> _Source data_
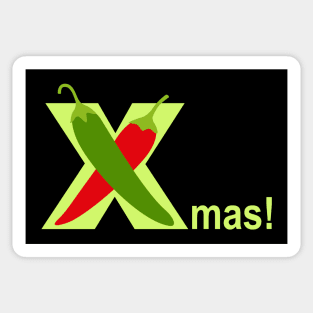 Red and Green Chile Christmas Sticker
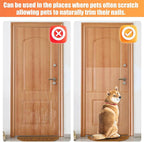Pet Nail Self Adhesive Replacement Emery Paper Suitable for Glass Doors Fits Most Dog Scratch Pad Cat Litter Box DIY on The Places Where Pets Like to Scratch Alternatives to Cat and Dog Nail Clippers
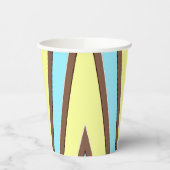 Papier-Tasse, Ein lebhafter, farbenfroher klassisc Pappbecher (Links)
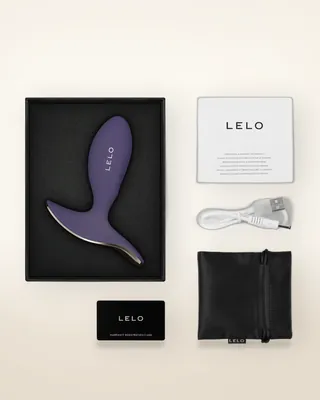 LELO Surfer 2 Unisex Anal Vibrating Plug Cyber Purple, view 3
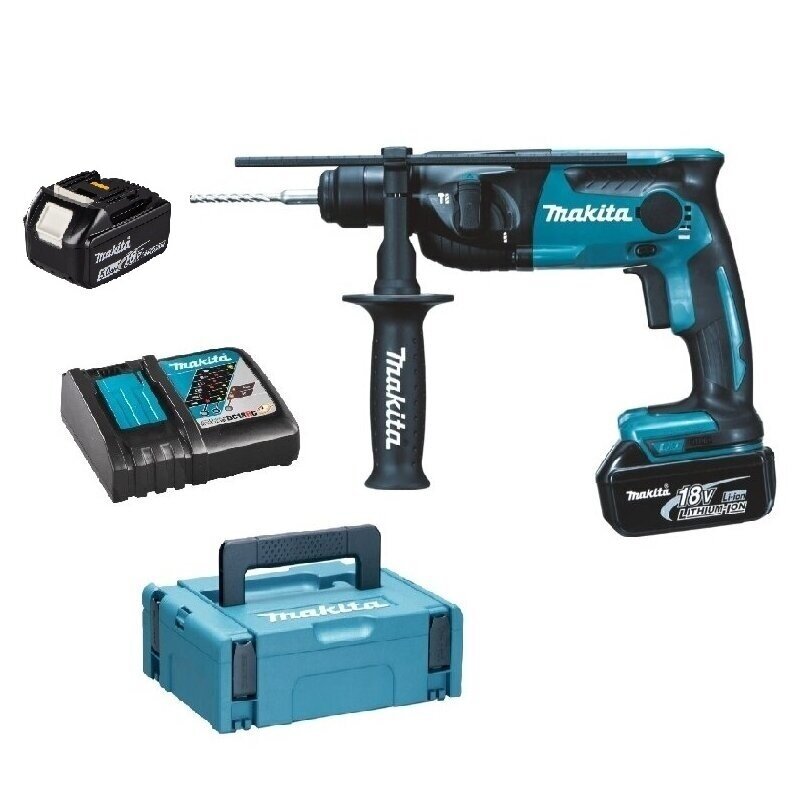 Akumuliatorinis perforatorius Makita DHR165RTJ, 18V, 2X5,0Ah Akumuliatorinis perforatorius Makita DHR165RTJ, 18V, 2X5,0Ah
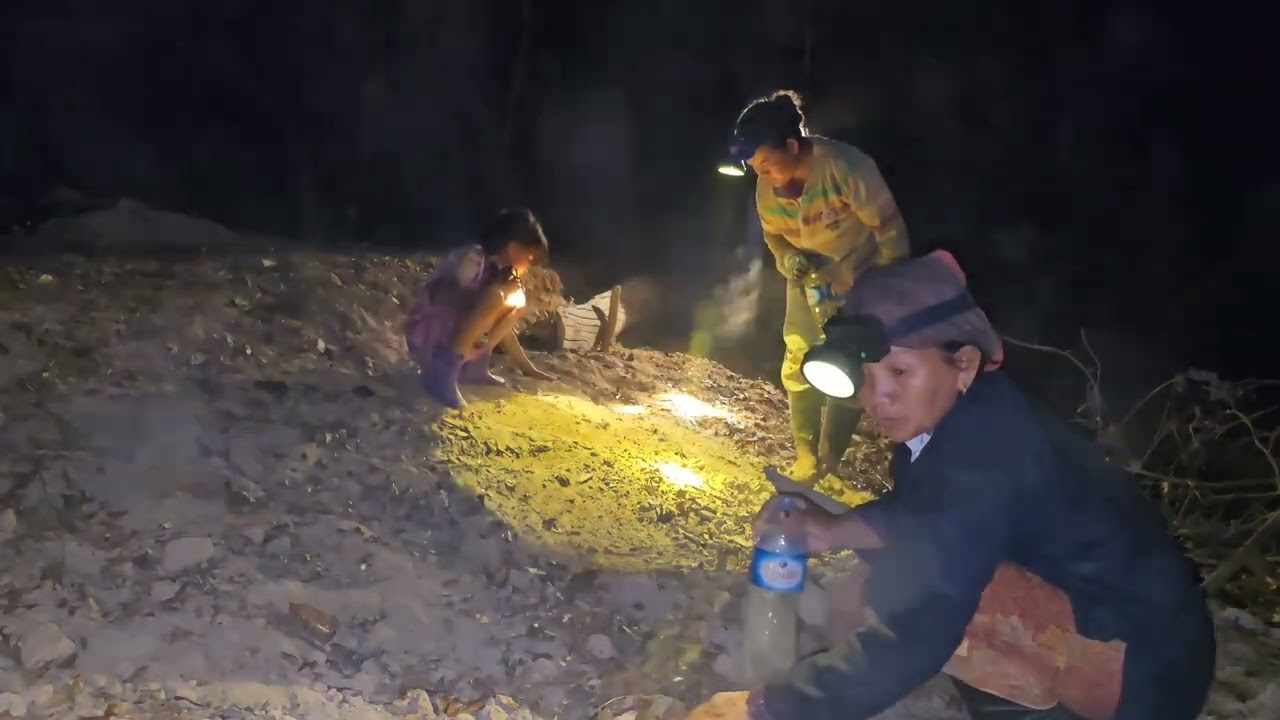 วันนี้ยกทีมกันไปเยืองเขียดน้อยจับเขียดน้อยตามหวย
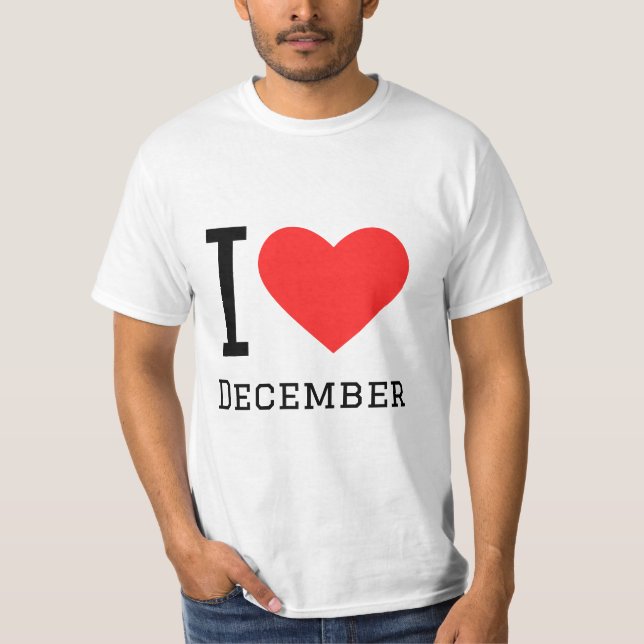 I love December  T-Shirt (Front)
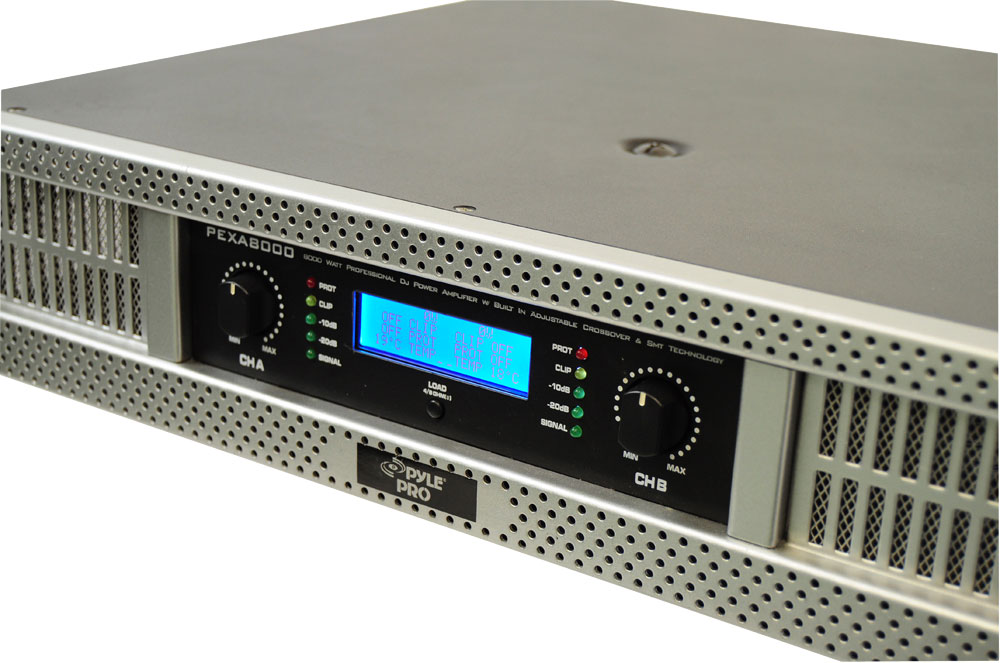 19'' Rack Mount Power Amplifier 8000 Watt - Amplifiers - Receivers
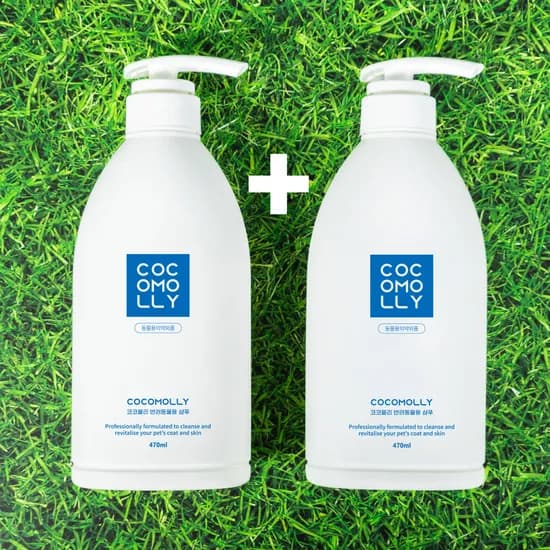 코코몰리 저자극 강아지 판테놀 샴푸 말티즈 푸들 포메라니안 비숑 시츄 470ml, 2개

* * *

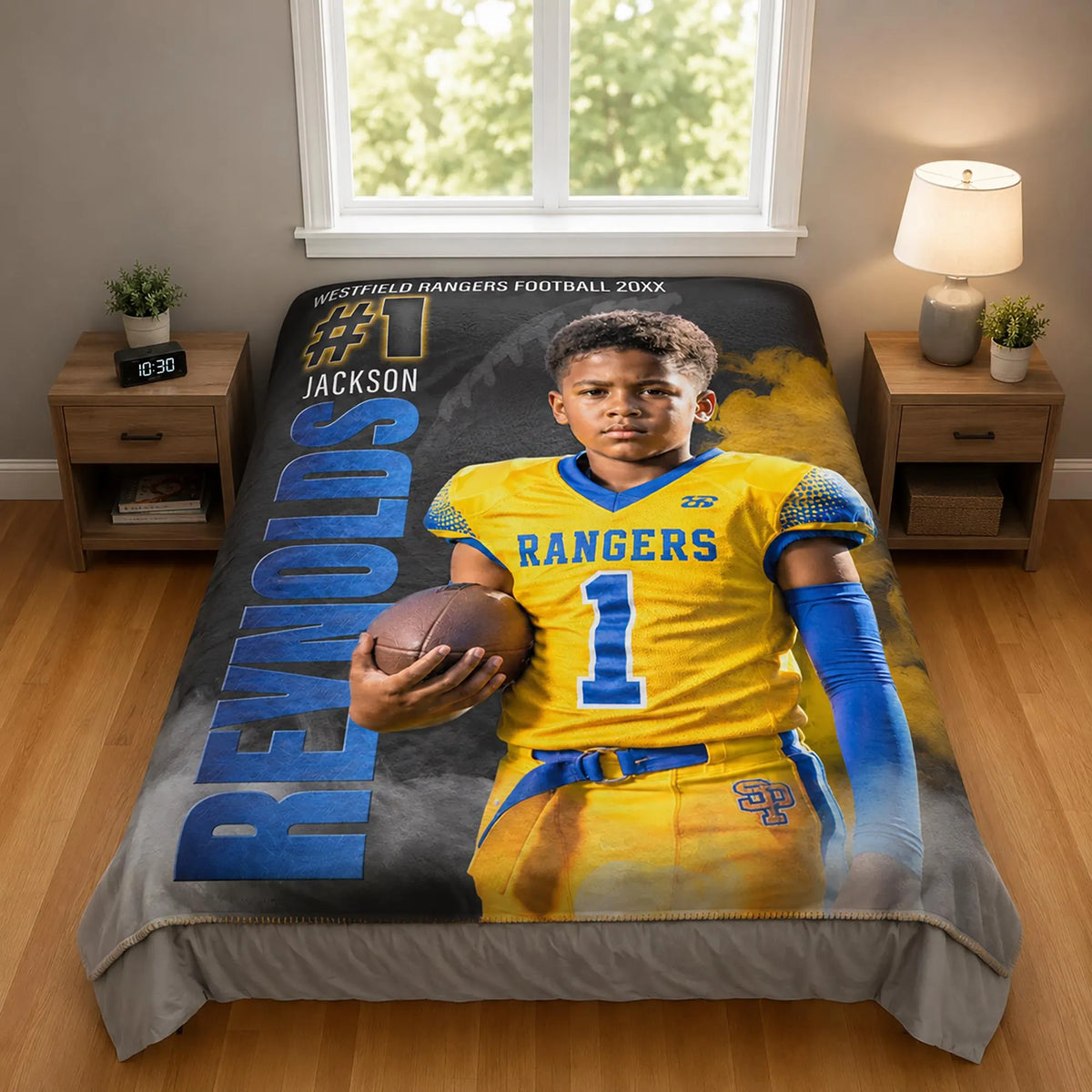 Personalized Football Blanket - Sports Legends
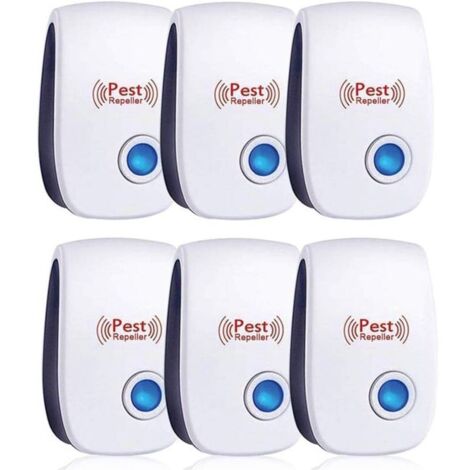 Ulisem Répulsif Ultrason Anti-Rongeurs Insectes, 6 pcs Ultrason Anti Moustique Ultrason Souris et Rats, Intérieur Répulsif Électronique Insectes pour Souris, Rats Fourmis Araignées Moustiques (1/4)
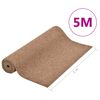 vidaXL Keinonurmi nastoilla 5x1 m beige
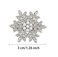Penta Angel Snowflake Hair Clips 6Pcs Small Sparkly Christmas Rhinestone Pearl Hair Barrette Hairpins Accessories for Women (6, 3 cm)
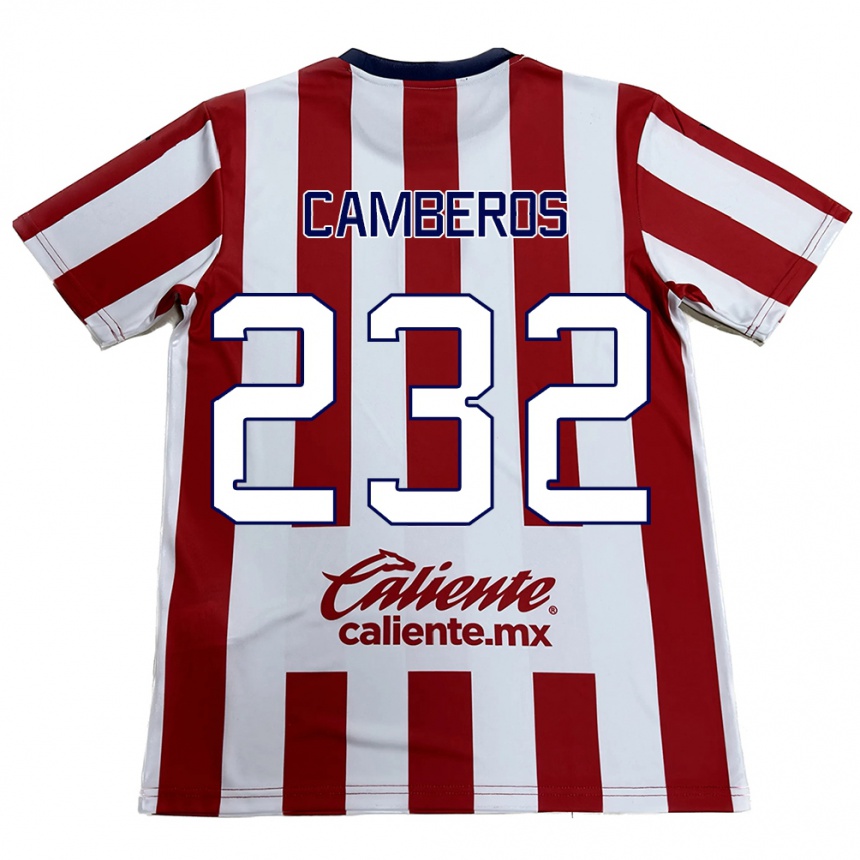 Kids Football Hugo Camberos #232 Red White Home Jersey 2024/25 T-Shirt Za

...

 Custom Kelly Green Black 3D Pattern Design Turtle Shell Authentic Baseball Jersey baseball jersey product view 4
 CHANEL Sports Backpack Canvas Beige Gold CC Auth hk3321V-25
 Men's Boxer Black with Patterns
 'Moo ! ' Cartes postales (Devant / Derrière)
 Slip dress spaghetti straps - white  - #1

> _Task statement_
Exact duplication is required for the lines above, from the line that contains "Custom Kelly Green" to the line that contains "Slip dress spaghetti", inclusive; omit all others.

> _Exercise response_
 Custom Kelly Green Black 3D Pattern Design Turtle Shell Authentic Baseball Jersey baseball jersey product view 4
 CHANEL Sports Backpack Canvas Beige Gold CC Auth hk3321V-25
 Men's Boxer Black with Patterns
 'Moo ! ' Cartes postales (Devant / Derrière)
 Slip dress spaghetti straps - white  - #1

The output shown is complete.